Alleged financial swindler Bernard Madoff reached a partial settlement with the US Securities and Exchange Commission (SEC) on a civil fraud case, a deal that should have no effect on the criminal probe into his fraudulent activities.
AFP - Alleged Wall Street investment scam mastermind Bernard Madoff reached a partial settlement on a civil fraud case, regulators said Monday.
But analysts said the deal had no effect on a wide-ranging criminal probe into what is believed to be one of the biggest securities fraud cases on record.
The Securities and Exchange Commission (SEC) said Madoff, the alleged mastermind of a 50-billion-dollar fraud, agreed to a consent order filed in federal court by the financial market regulator.
Madoff agreed to a proposed settlement "without admitting or denying the allegations of the SEC's complaint," filed on December 11, the SEC said.
Upon acceptance by the court, the order would extend a freeze on Madoff's assets. But it would leave the questions of repayments and penalties "to be decided at a later time."

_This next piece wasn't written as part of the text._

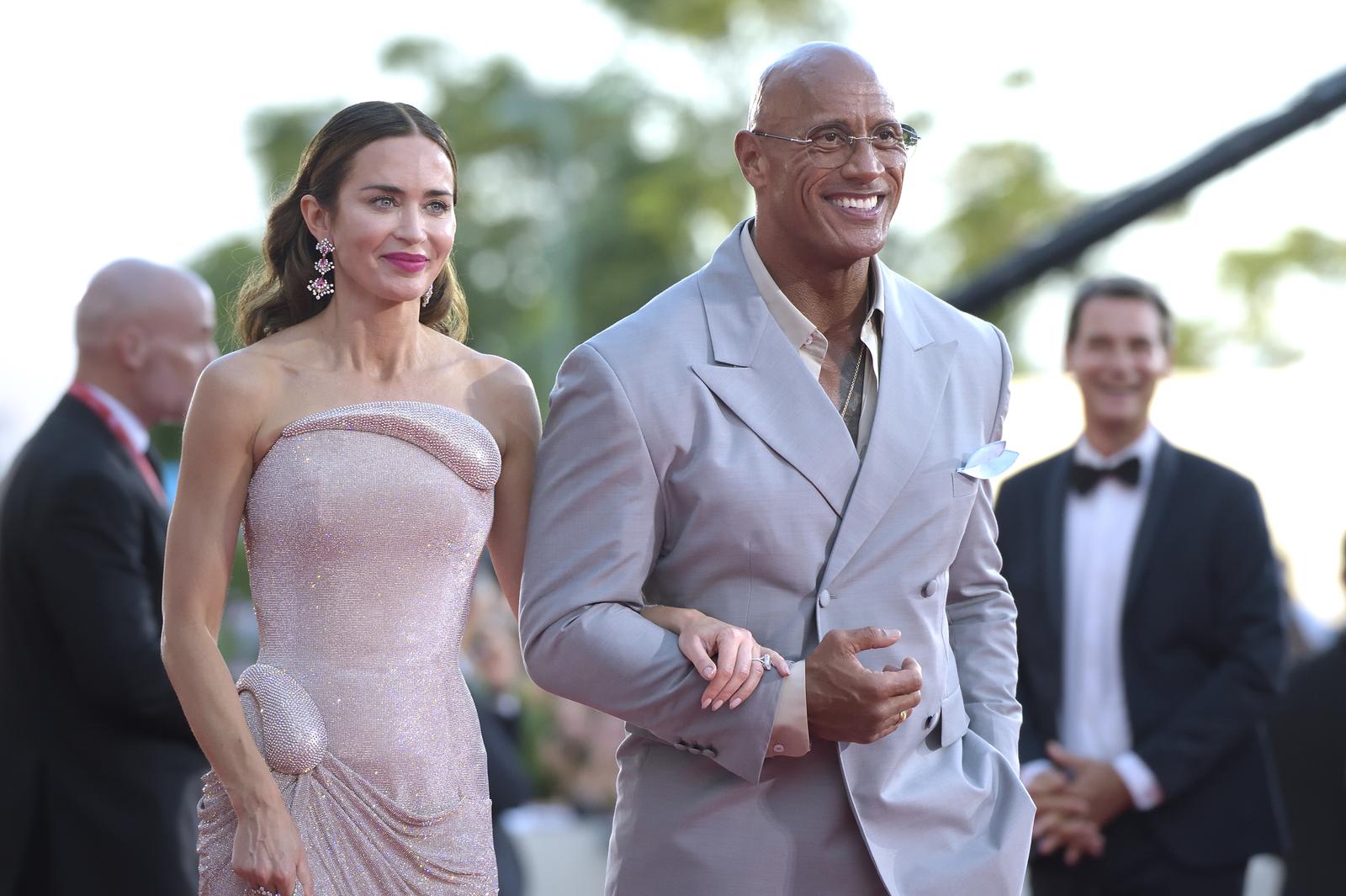 British-born American actress Emily Blunt and American actor and film producer Dwayne Johnson at the 82 Venice International Film Festival 2025. The Smashing Machine Red Carpet. Venice (Italy), September 1st, 2025 (Photo by Rocco Spaziani/Mondadori Portfolio/Sipa USA) Photo: Mondadori Portfolio/SIPA USA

But the SEC said that by accepting the consent order, Madoff agrees that "the facts of the complaint are established and cannot be contested by Madoff."
Madoff also faces criminal charges in connection with the scheme that lost some 50 billion dollars in a years-long pyramid fraud. He has been charged but not been indicted and there is no immediate indication of when he could go to trial.
Jacob Frenkel, a former prosecutor and SEC official who is now in private practice, said the civil settlement was largely irrelevant to the overall investigation.
Madoff "is never coming back in the industry and the (court-appointed) receiver is collecting all of his assets, so he has no reason to care or continue a fight with the SEC," Frenkel said.
"This has no outcome at all on any other proceeding."
Frenkel said Madoff "has an interest in his cooperating as long as possible" because any end to the cooperation could result in an indictment and possible incarceration.
The settlement "shows some progress being made" in the probe, said Christopher Bebel, a former SEC attorney who is in private practice in Houston, Texas.
But Bebel said the deal is insignificant because Madoff cannot pay back the customers to any significant degree.